Managed lanes (MLs) have been implemented as a vital strategy for traffic management and traffic safety improvement. The majority of previous studies involving MLs have adopted a limited scope of examining the effect of MLs segments as a whole, without considering the safety and operational effects of the design of access to the MLs. In the study, several scenarios were tested using microscopic traffic simulation to determine the optimal access design while taking into consideration accessibility levels and weaving lengths. The studied accessibility levels varied from one to three along the studied network. Both safety (i.e., speed standard deviation, time-to-collision, and conflict rate) and operation (i.e., level of service, average speed, average delay) performance measures were included in the analysis. Tobit models were developed for investigating the factors that affect the safety measures. ANOVA and LOS calculations were used to evaluate traffic operation. The results of the safety and operational analysis suggested that one accessibility level is the optimal option in the nine-mile network.

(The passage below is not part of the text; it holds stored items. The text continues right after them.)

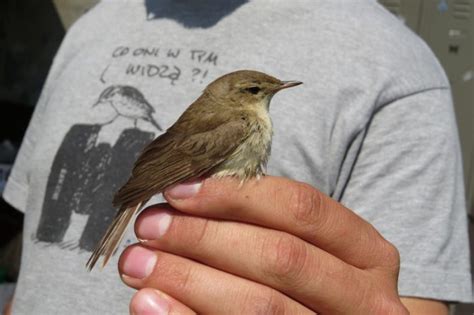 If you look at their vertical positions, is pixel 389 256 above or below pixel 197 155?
below

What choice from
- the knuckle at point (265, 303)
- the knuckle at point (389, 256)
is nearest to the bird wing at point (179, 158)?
the knuckle at point (265, 303)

A weaving length between 1,000 feet and 1,400 feet per lane change was suggested based on the safety analysis. In addition, from the operation perspective, a weaving length between 1,000 feet and 2,000 feet per lane change was recommended. The results also showed that off-peak periods had better safety and operational performance (e.g., lower conflict rate, less delay) than peak periods. This study has major implications for improving MLs by recommending the optimal accessibility level and weaving length near access zones.